▸ **Work instructions**: Copy out only the lines running from the one that contains "Jaga Ketertiban Masyarakat, Babinsa" through the end of the listing. Pictures stay out.

(Beginning of Data block)

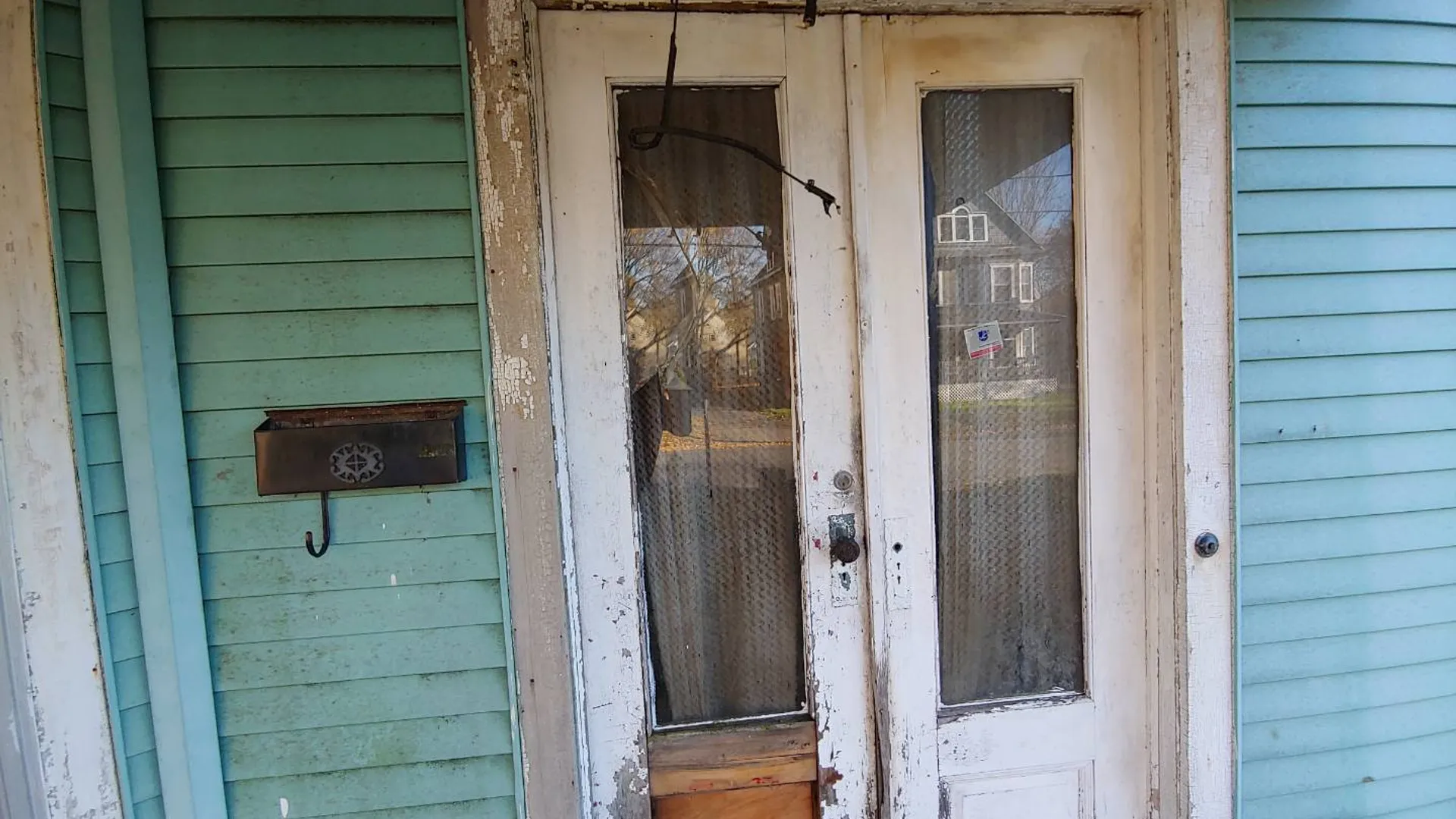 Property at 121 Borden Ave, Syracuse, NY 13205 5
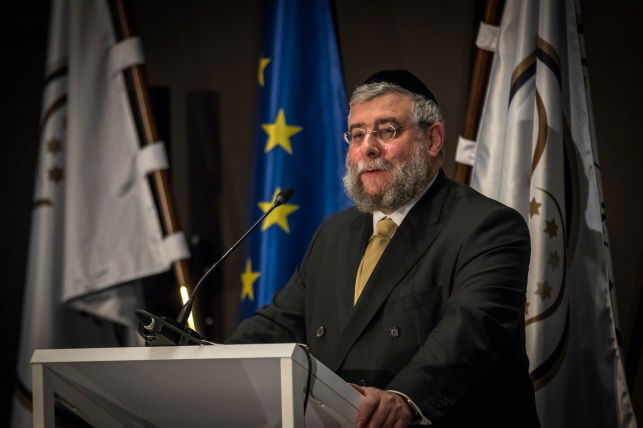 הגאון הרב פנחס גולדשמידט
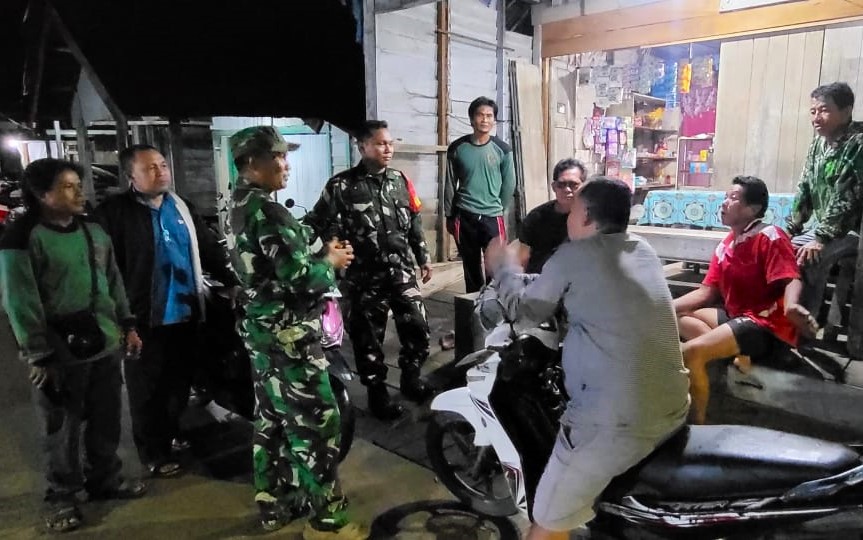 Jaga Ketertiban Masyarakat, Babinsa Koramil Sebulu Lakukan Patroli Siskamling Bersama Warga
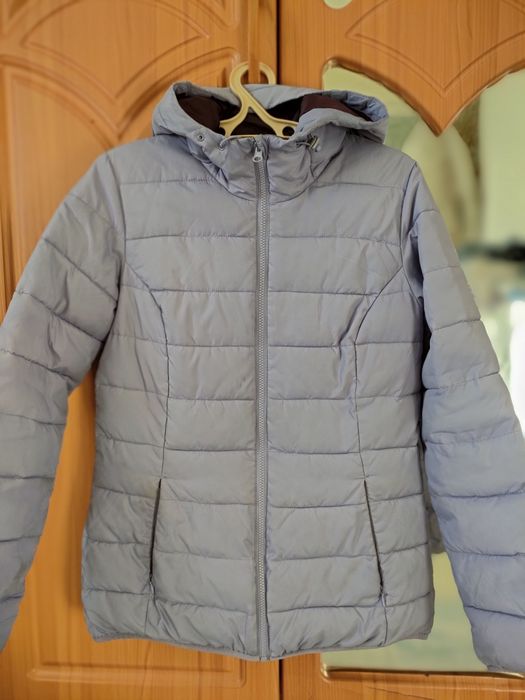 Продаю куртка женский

(End of Data block)

▸ **Written solution**:
 Jaga Ketertiban Masyarakat, Babinsa Koramil Sebulu Lakukan Patroli Siskamling Bersama Warga
 Продаю куртка женский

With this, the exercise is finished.